● **What you should do**: Every line of the material below should be output exactly as written, with the images skipped.

● **The data**:
——————

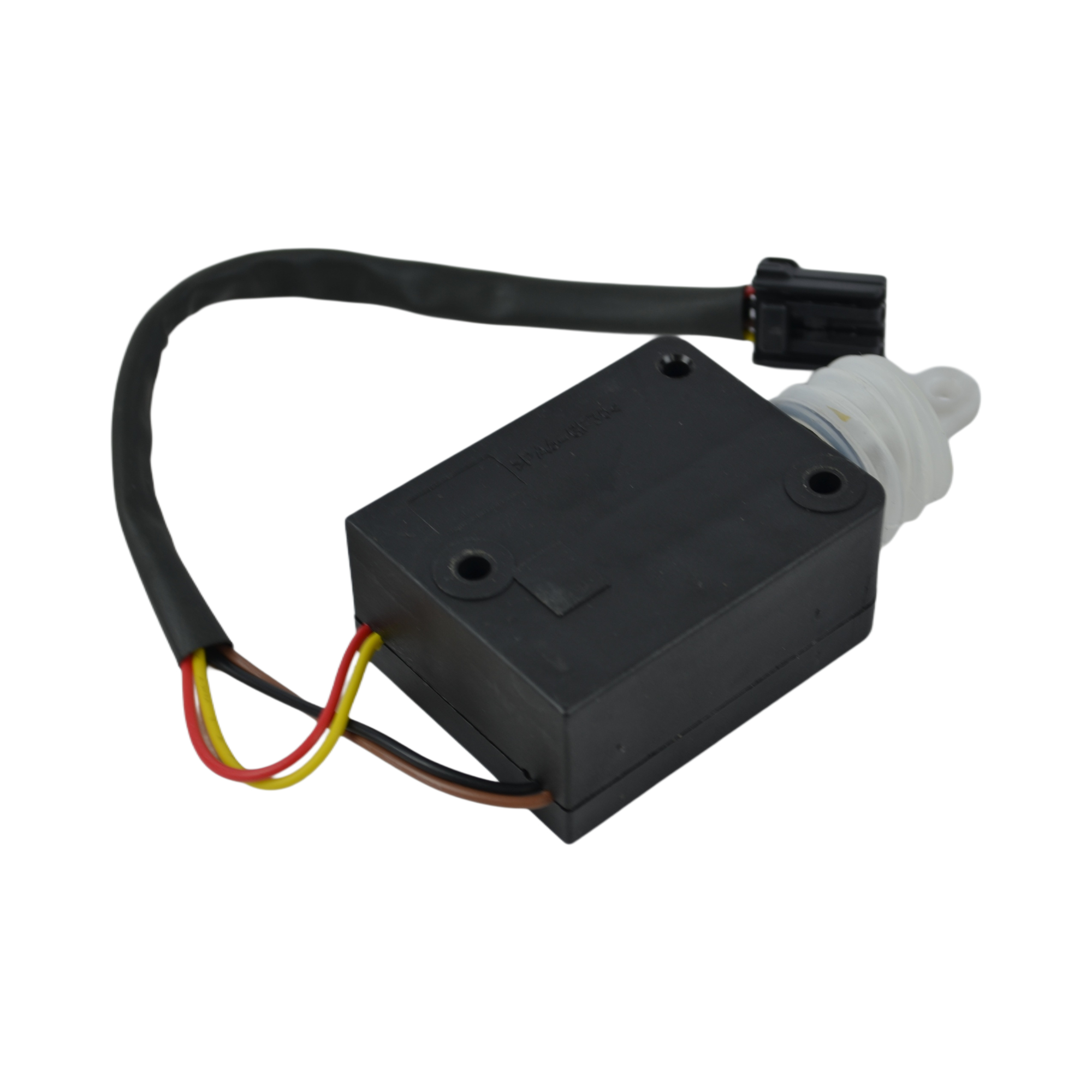 моторчик центрального замка водительский (4 провода) 2170 Автотрейд 2170-6512110 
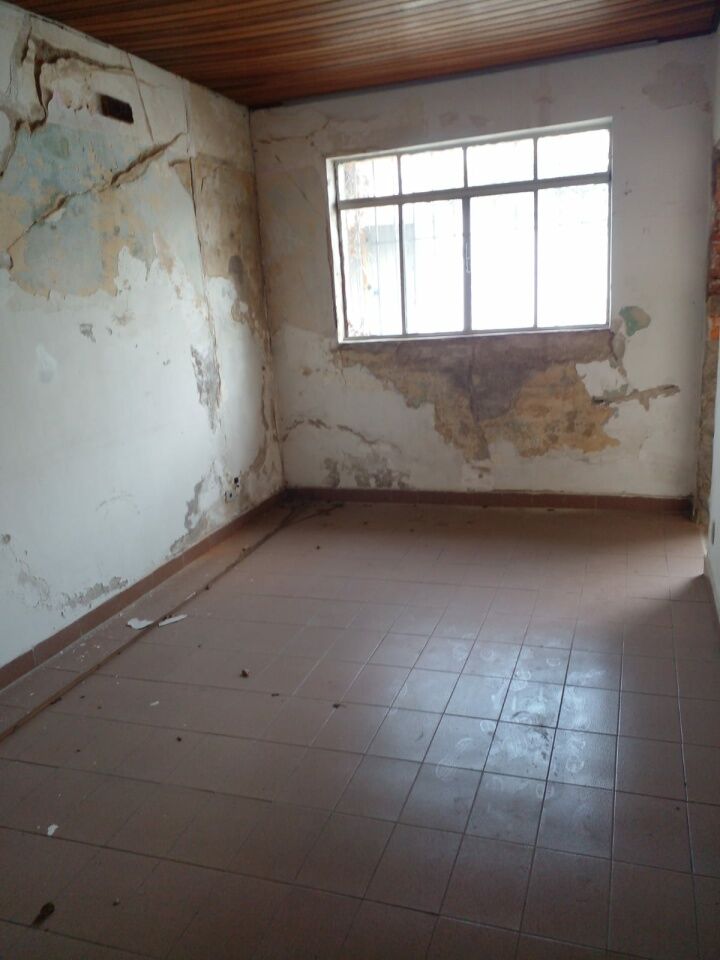 Casa Térrea para Venda - Planalto Paulista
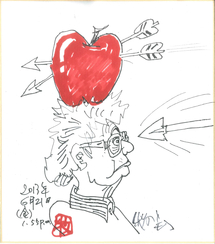 牧野先生予選総評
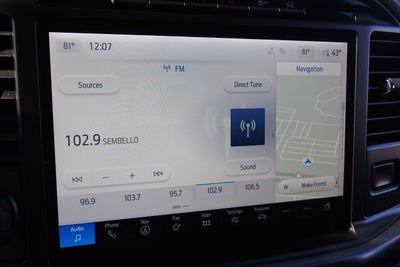 2024 Ford F-150 Tremor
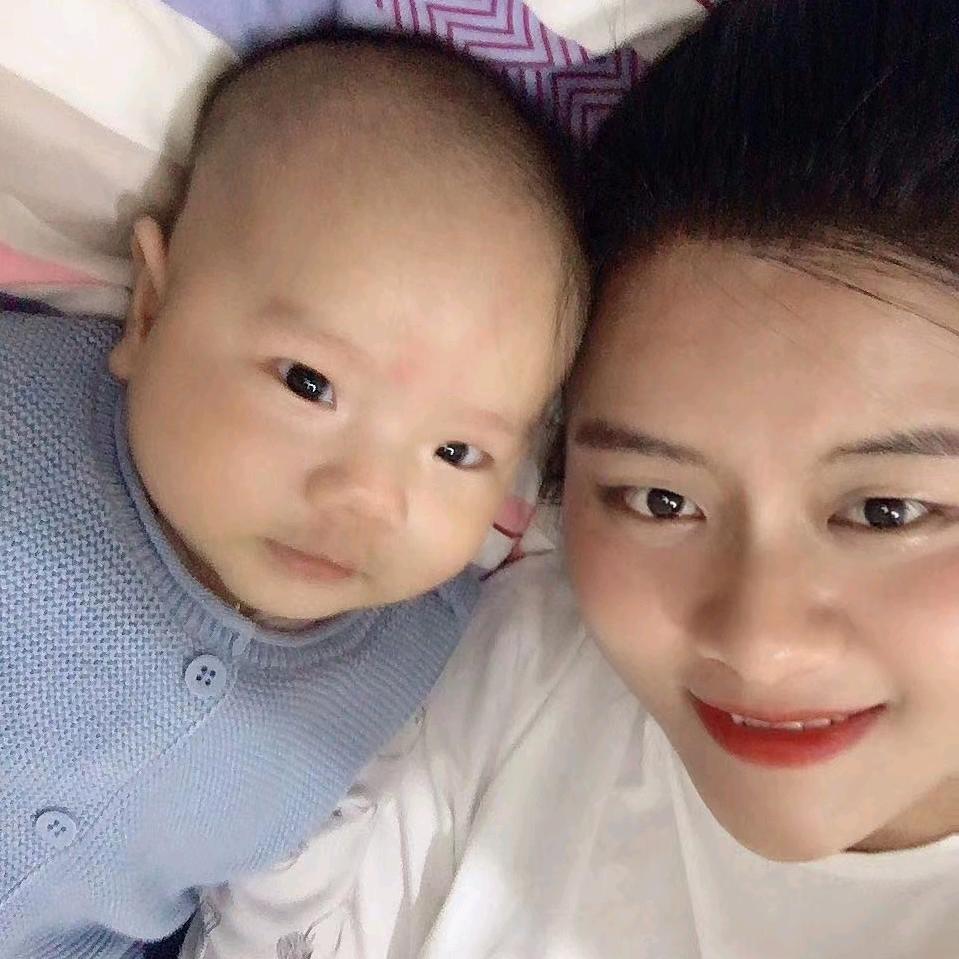 梅.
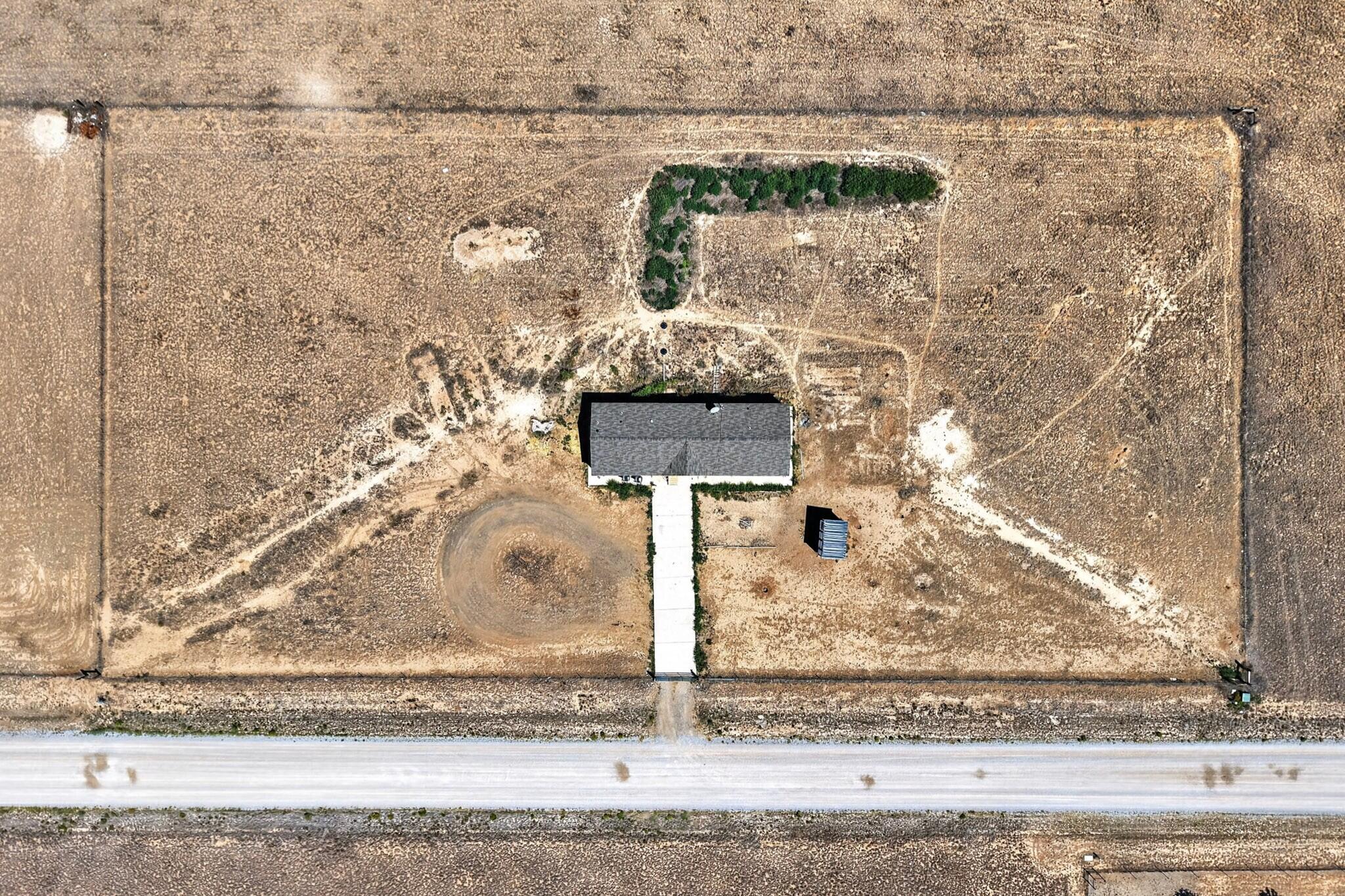13 Windswept Road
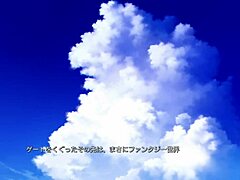 sweet sakura reine hentai vibes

——————

● **Exercise output**:
 моторчик центрального замка водительский (4 провода) 2170 Автотрейд 2170-6512110 
 Casa Térrea para Venda - Planalto Paulista
 牧野先生予選総評
 2024 Ford F-150 Tremor
 梅.
13 Windswept Road
 sweet sakura reine hentai vibes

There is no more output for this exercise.